Who we are
Created in partnership with CHDI Foundation, a privately-funded, not-for-profit biomedical research organization devoted solely to Huntington’s disease, and the Critical Path Institute, the Huntington’s Disease Regulatory Science Consortium (HD-RSC) was formed with the aim of improving the efficiency of emerging therapies for Huntington’s disease. This global initiative aims to facilitate collaboration among the bio-pharmaceutical industry partners, technology industry partners, academic institutions, government agencies, and patient-advocacy associations. HD-RSC fosters consensus and data-driven research to increase efficiency, safety, and speed in developing new therapies.

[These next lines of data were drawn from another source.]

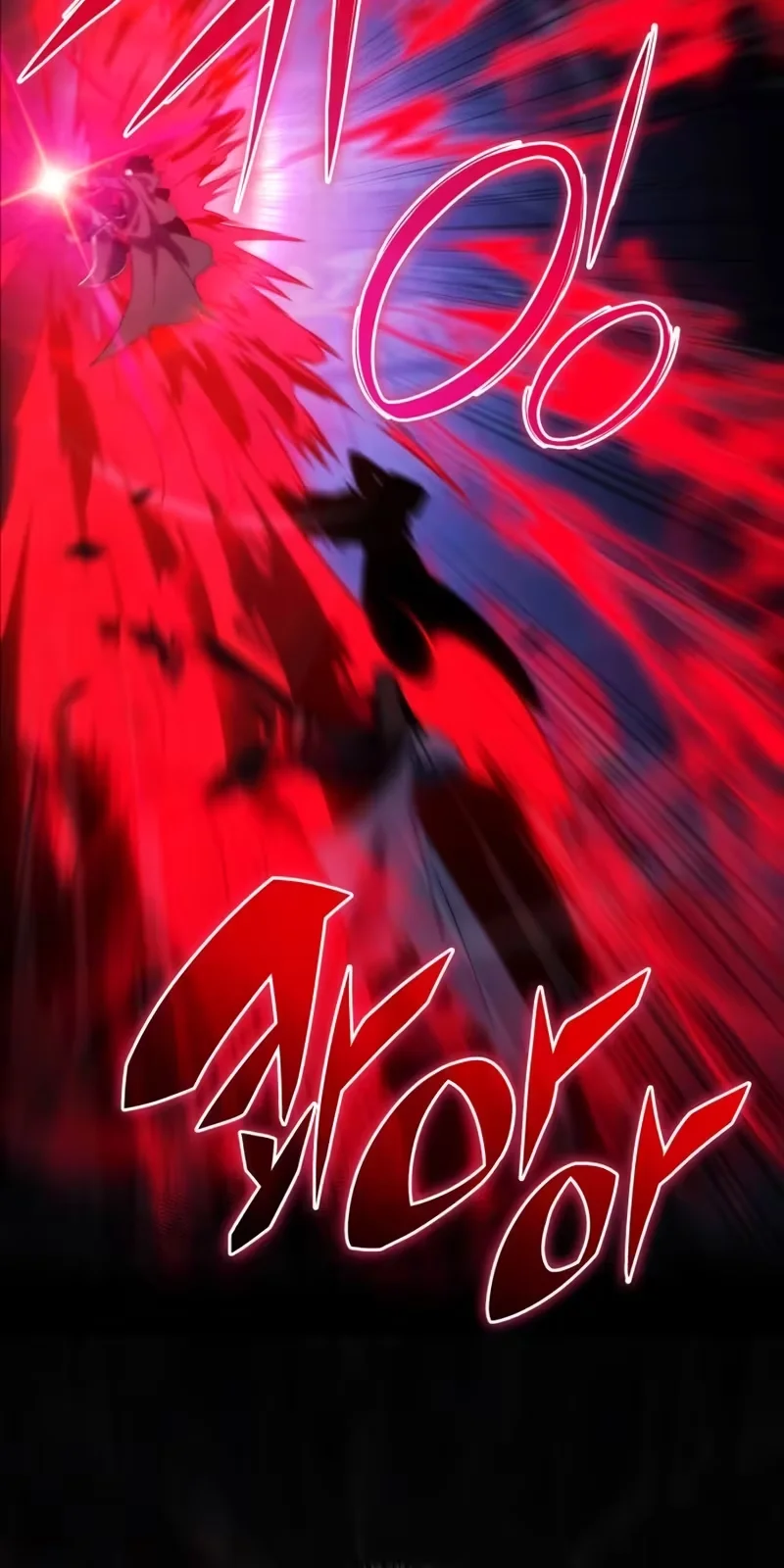 Página 42 do Capítulo 18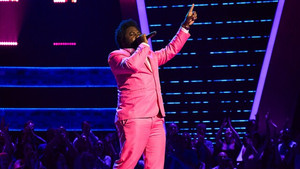 The Voice UK 14. évad Ep.4 4. epizód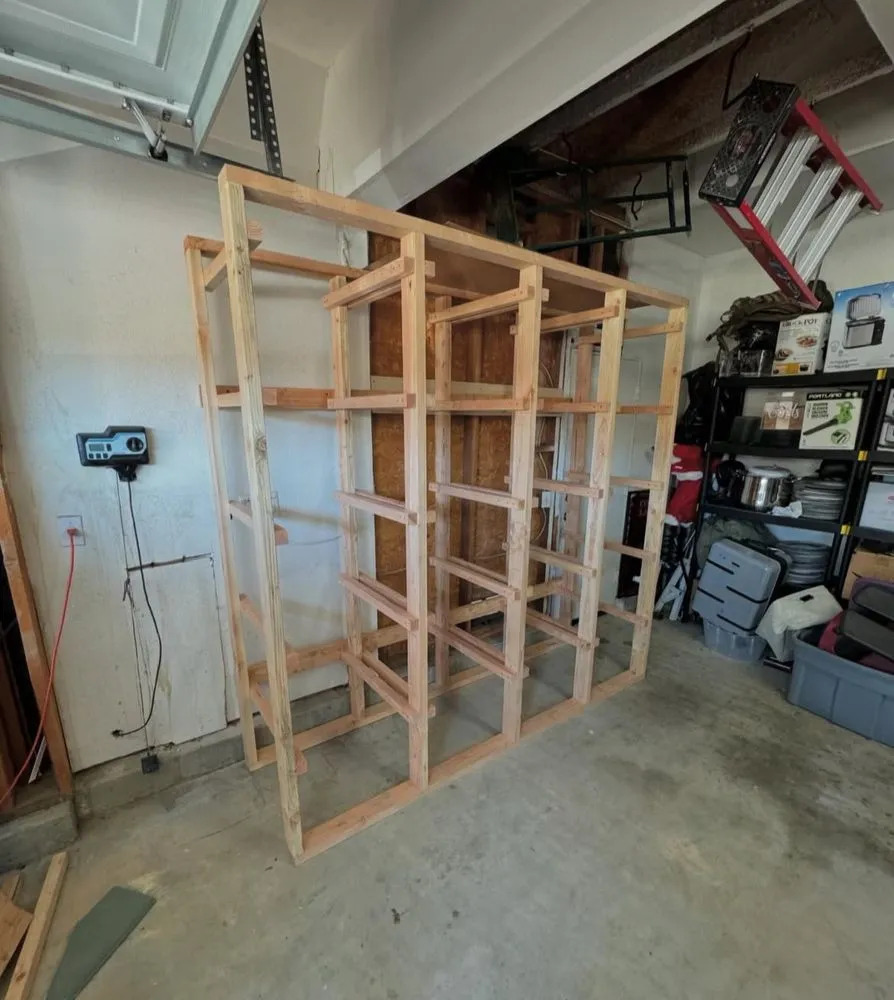 Reliable residential landscaping experts serving Cleveland, OH - Casa Crew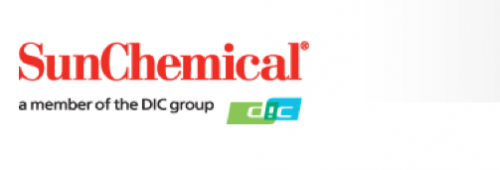 SUN_CHEMICAL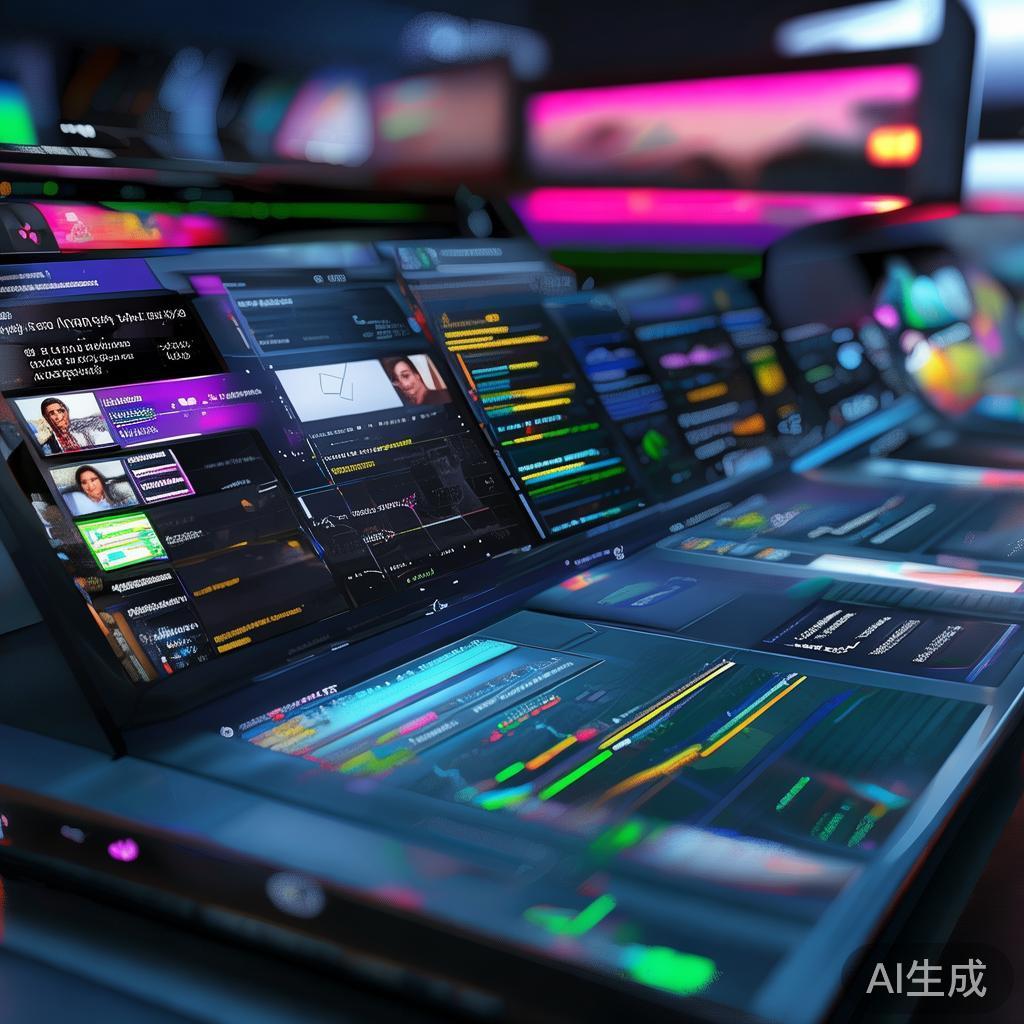 平台每天推送最新体育新闻，涵盖赛事战报、运动员资料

Huntington’s disease (HD) is a rare, inherited genetic disorder for which no cure currently exists. The degeneration of nerve cells of the brain in HD results in a loss of motor function and muscle control, a loss of cognitive ability (thinking), and mood changes including depression and irritability. Research indicates that changes in the brain occur up to 15 years prior to the onset of motor symptoms, highlighting the need for better disease progression understanding and early intervention.

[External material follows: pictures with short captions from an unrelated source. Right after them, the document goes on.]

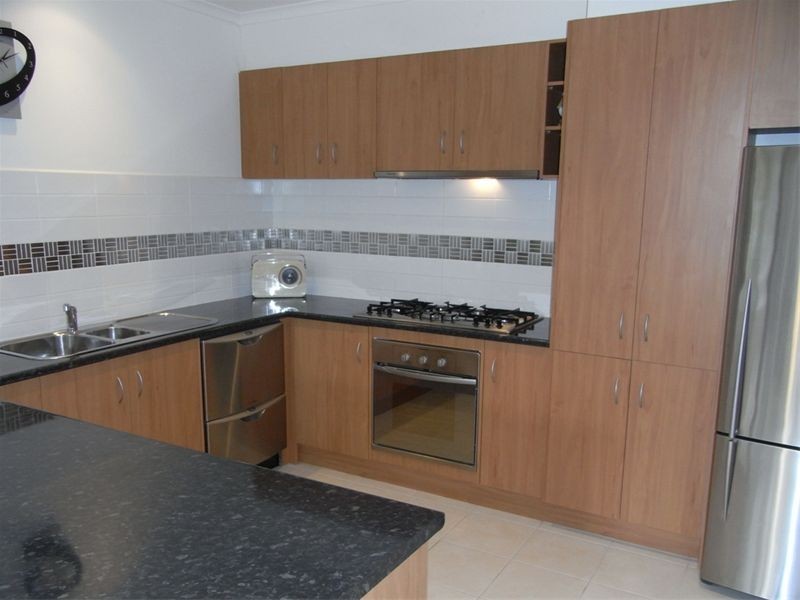 7/37 Lorimer Street, Crib Point VIC 3919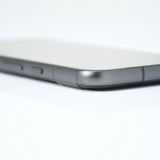 �����ʡ�SIM�ե꡼ Google Pixel 8a 128GB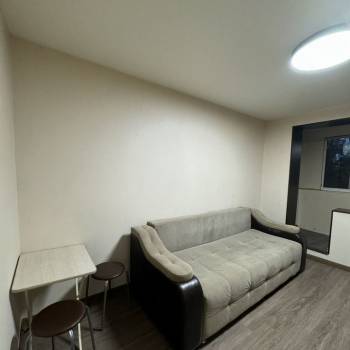 Сдается 1-комнатная квартира, 20 м²
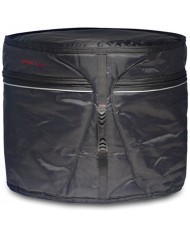 STAGG SBDB-20/18 - Housse Professionnelle pour Grosse Caisse 20"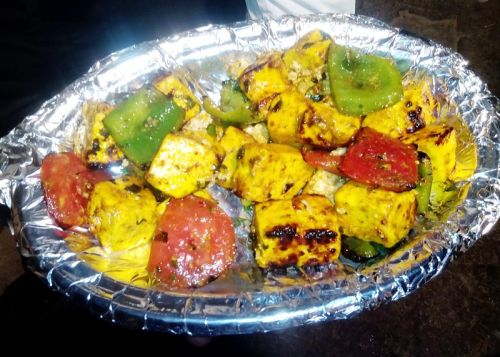 Catering Service For Marriage Party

The overall goal of the Huntington’s Disease Regulatory Science Consortium (HD-RSC) is to create a regulatory science strategy for HD, offering additional incentive and de-risking for HD therapeutic development by all stakeholders. HD-RSC will provide a forum and structure to bring together the necessary participants from the HD community for data contribution and tool development, leading to efficiencies in development of new therapies.
How we do it
Critical Path Institute serves as the neutral 3rd party to bring all stakeholders together, share data, and develop novel methodologies under the advisement of global regulatory agencies. CHDI Foundation has the broad network, scientific experts, and resources to enable the success of the HD consortium.
Thus, HD-RSC represents a collaborative initiative that builds upon CHDI’s established leadership in HD and C-Path’s expertise and previous successes in regulatory and data science.
To achieve success, HD-RSC will leverage a deep knowledge of HD gained from working with patients, researchers, neurologists, and clinical scientists as well as learnings from other C-Path consortia (Critical Path for Parkinson’s consortium, Duchenne Regulatory Science Consortium, Critical Path for Alzheimer’s disease, Multiple Sclerosis Outcomes Assessments Consortium). HD-RSC will facilitate interaction between biotech and pharmaceutical industry partners with regulatory agencies to work towards the qualification or regulatory acceptance of drug development tools, biomarkers, and better clinical assessments.
HD-RSC will collect and standardize natural history and clinical trial data from HD patients around the world to develop an integrated disease database of patient level data. Using this database, we will gain a better understanding of disease progression and work towards model-informed drug development to de-risk preclinical HD programs and accelerate the global regulatory approval of urgently needed HD therapies.